The scale of data for PCA is extremely important. The first step in performing PCA is to ensure that the variables being analyzed are all on similar measurement scales. This is almost always accomplished by standardizing the data. The math of standardization is simple:

xstd=(xi-x̄)/sx

Where xstd is the standardized value, xi is the original value, x̄ is the variable’s mean, and sx is the variable’s standard deviation. In effect, this transforms the data in such a way that each variable has a mean of zero and a standard deviation of 1. Subsequently, each variable has a variance of 1 since variance is simply the square of the standard deviation:

varx=sx2

This step is actually very important to ensure that the results of PCA are interpreted correctly, as PCA is very sensitive to variances of the original variables. Specifically, the way PCA decides which variables are the “most important” when determining how to best reduce the dimension of the dataset is by determining which variables present the largest variance (more on this in the next section).
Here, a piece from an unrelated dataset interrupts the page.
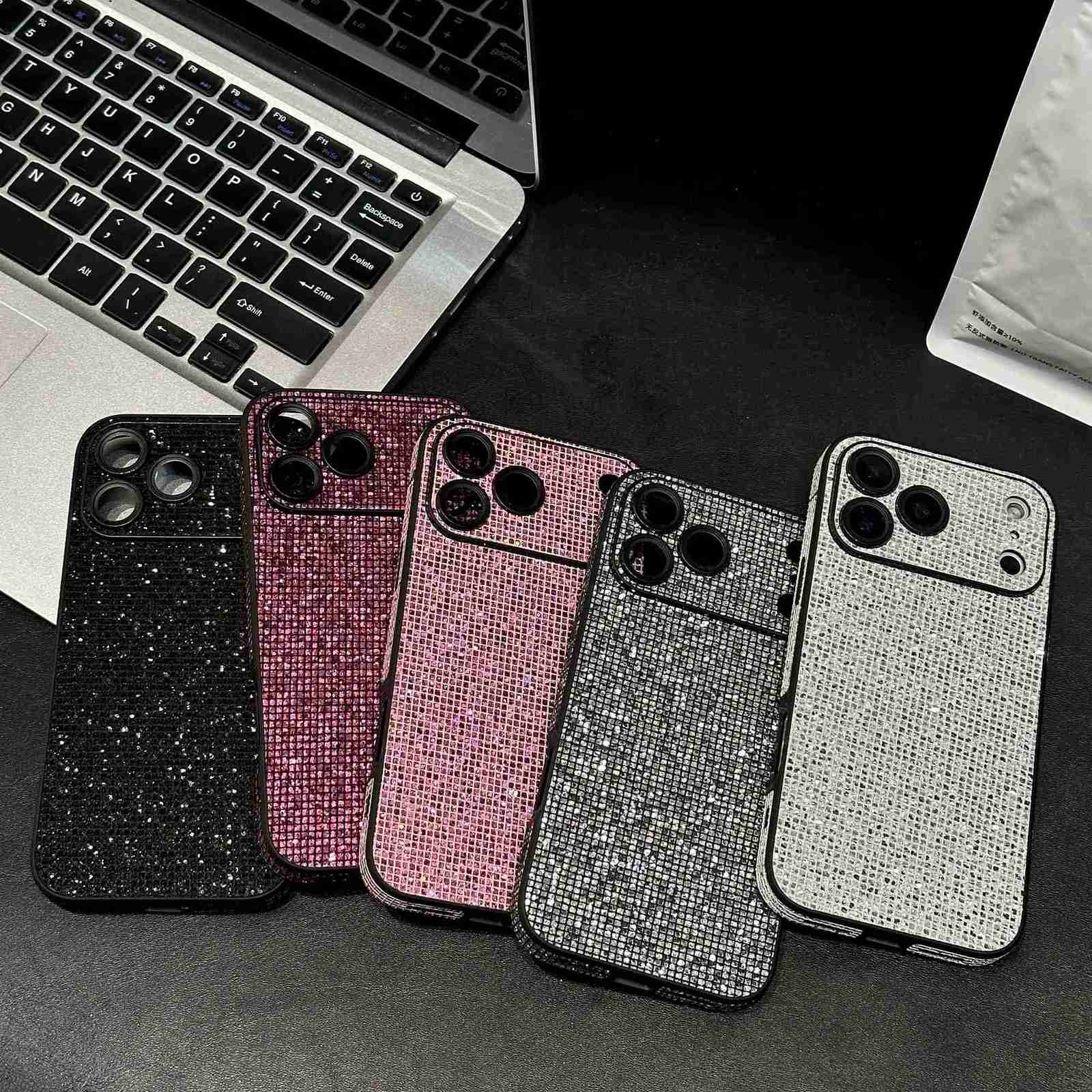 Fashion Bling Shiny Rhinestones Phone Case For iPhone 17 16 15 14 13 Pro Max Camera Protection Matte Shockproof Protective Cover C251209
If the original variables have variances that are quite different from each other, the analysis will end up favoring variables with larger variances and ignoring those that have smaller variances.

This may not seem like a bad thing at first, but often these differences in variances between variables isn’t due to the data itself, but the scale on which it was measured. As an example, consider some variables that could be involved while making beer. These may include the mass (in g) of grain used, the temperature (in °C) at which the beer is brewed, the volume (in L) of water used, or the length of time (in hours, days, or maybe weeks) that you allow for fermentation. Each of these variables are measured on very different scales, and the amount of variance that you would expect across multiple batches that you brew will probably be very different from variable to variable. For example, you may anticipate a difference of 2-5 °C or a few grams of grain from one run to another, but the volume may differ by as little as only 0.05 L. On the other extreme, the time that you take to ferment the beer may be just about 5 days (120 hours) up to as much as three or more weeks (500+ hours).

The variance of each of those variables will be quite different simply due to the fact that they are measured on different scales. The example of time is even more revealing since the variance will be greater if time is measured in hours (values between 120 and 500) compared to days (values between 5 and 21). Standardization solves this issue with the data by setting the variance of each variable to 1.

If the variables being used with PCA were all measured on the same scale and already have similar variances, then standardizing the data may not be necessary. Instead, the data are prepared by only subtracting the mean from each variable (the transformed variables will all have a mean of zero). This is called centering, and is less common, and only recommended if you are sure that the scales of measurement for the variables are comparable.